Pesquisas tradicionais podem enganar e exagerar o impacto da polêmica racial

Inicialmente, a imprensa insistiu na história oficial. A queda de ACM Neto no IPEC e Datafolha foi atribuída à sua polêmica autodeclaração racial. Nessas duas pesquisas, o ex-prefeito ainda vence em primeiro turno. Ou seja, a queda atribuída à polêmica racial é menor do que aquela que a Atlas prevê como inevitável desde o início da campanha.

Uma das regras fundamentais da análise de pesquisas eleitorais é considerar várias pesquisas em conjunto. Vários institutos juntos costumam ser mais precisos do que um isoladamente. Toda regra tem exceção. Como os formulários são diferentes e os resultados também, é preciso escolher um método e ignorar os outros. Ou seja, o ideal é analisar a Atlas e ignorar a intenção de voto estimulada das pesquisas tradicionais. Por outro lado, dados como a aprovação do atual governador e a intenção de voto espontânea podem ser úteis.

A história oculta da eleição de 2022 na Bahia

A eleição nunca foi fácil para ACM Neto. Com o erro de diagnóstico, veio o erro estratégico. Desde o início, a intenção de voto no petista desconhecido já estava próxima de ACM Neto. Ou seja, ele agiu como favorito sem ser.

Já sabíamos, por exemplo, que a aprovação do governo estadual nunca foi tão alta. Rui Costa é melhor avaliado do que Jaques Wagner. Na citada Quaest de Julho, Lula tinha quase 70% dos votos válidos na Bahia. As pesquisas continuam indicando esse resultado, que seria o melhor desempenho que o PT já teve na eleição presidencial. O PT já venceu quatro eleições seguidas em primeiro turno e está mais forte do que nunca no estado.

Ainda no fim de agosto, Jerônimo ultrapassou Neto numericamente. Na última pesquisa da AtlasIntel, divulgada em 29 de setembro, Jerônimo tem entre 45,9% e 50,9% dos votos válidos. Com os dois candidatos próximos, o cenário ainda está aberto, mas Jerônimo é franco favorito e pode vencer em primeiro turno.

A última esperança de ACM Neto

Hoje, Neto está estacionado ao redor dos 40% na pesquisa Atlas. Na espontânea do Datafolha, ele tem 35%. Ou seja, essa base é sólida. É o mesmo patamar atingido por Paulo Souto nas derrotas de 2006 e 2014.

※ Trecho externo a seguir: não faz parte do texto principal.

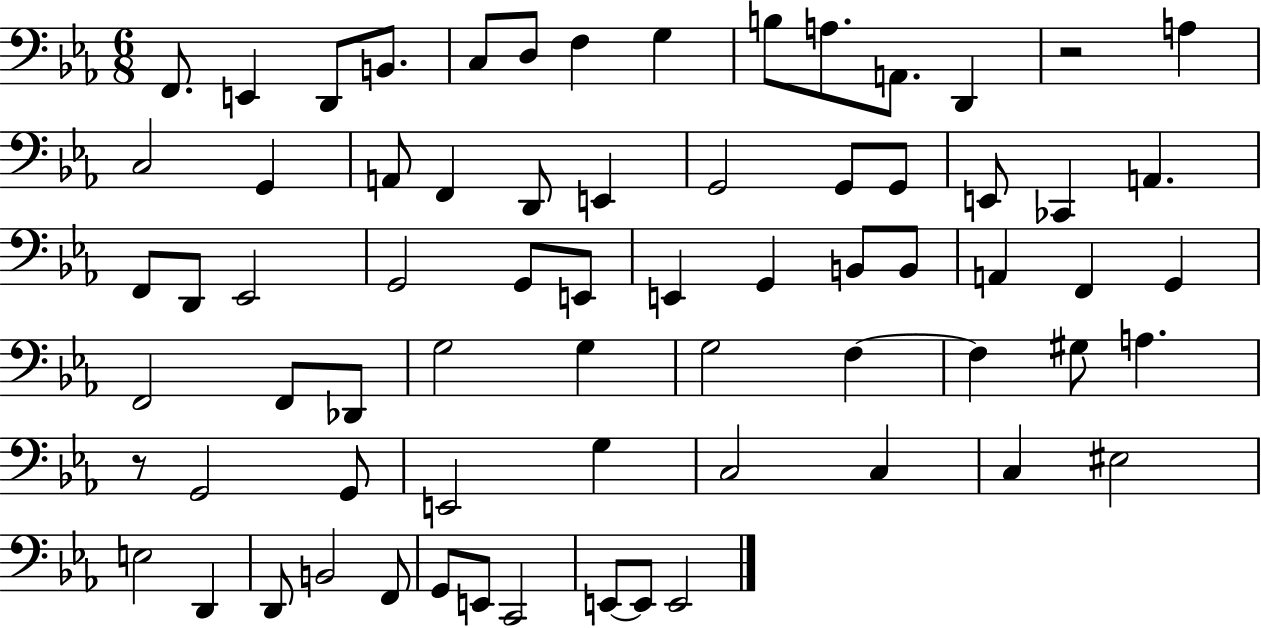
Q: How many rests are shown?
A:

As últimas esperanças do ex-prefeito de Salvador estão nos 10 pontos percentuais que hoje são do bolsonarista João Roma. Caso não consiga atrair 100% desse grupo, Neto precisaria angariar novos eleitores bolsonaristas e petistas ao mesmo tempo. Seja qual for a escolha, ele precisa também manter os votos que tem – e boa parte do seu eleitorado vota em Lula. É uma equação política difícil de fechar. ACM Neto poderia ter trabalhado nisso desde meses atrás, mas perdeu tempo acreditando na história oficial.